Ce jeudi, le tribunal correctionnel de Paris a statué dans l’affaire du financement présumé par la Libye de la campagne présidentielle de 2007 : Nicolas Sarkozy a été condamné à cinq ans de prison, dont une partie ferme, pour association de malfaiteurs. L’ancien président, âgé de 70 ans, sera effectivement incarcéré après convocation par le parquet dans un délai d’un mois. L’exécution provisoire de la peine implique qu’un éventuel appel ne suspendra pas son emprisonnement.
Une condamnation spécifique
La présidente du tribunal a expliqué que Nicolas Sarkozy était coupable d’avoir laissé ses proches collaborateurs agir pour obtenir des soutiens financiers auprès du régime libyen.

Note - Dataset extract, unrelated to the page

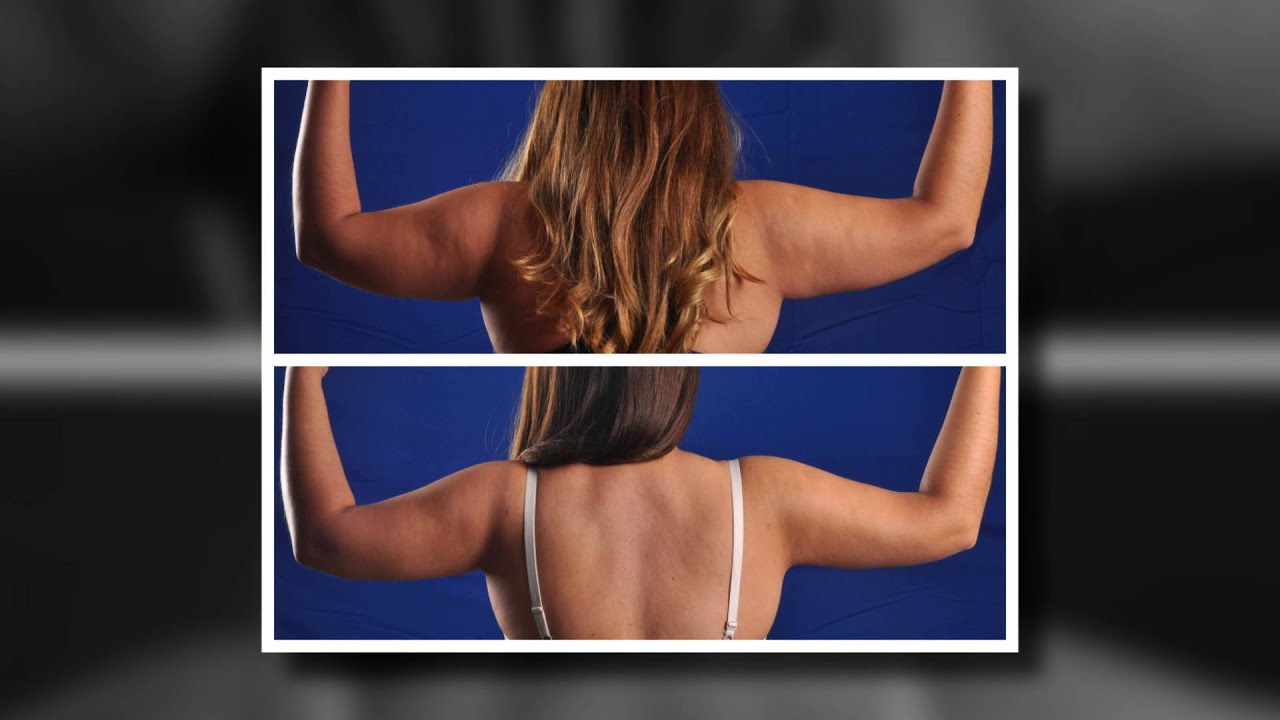 Phoenix Liposuction Results Arms YouTube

Cependant, il a été relaxé de trois autres infractions :
• recel de détournement de fonds publics libyens,
• corruption passive,
• financement illégal de campagne électorale.
Selon la présidente Nathalie Gavarino, les preuves ne permettent pas de démontrer que l’argent libyen ait été utilisé pour financer de manière occulte sa campagne victorieuse de 2007. « Les éléments matériels de l’infraction de corruption ne sont pas constitués », a-t-elle précisé.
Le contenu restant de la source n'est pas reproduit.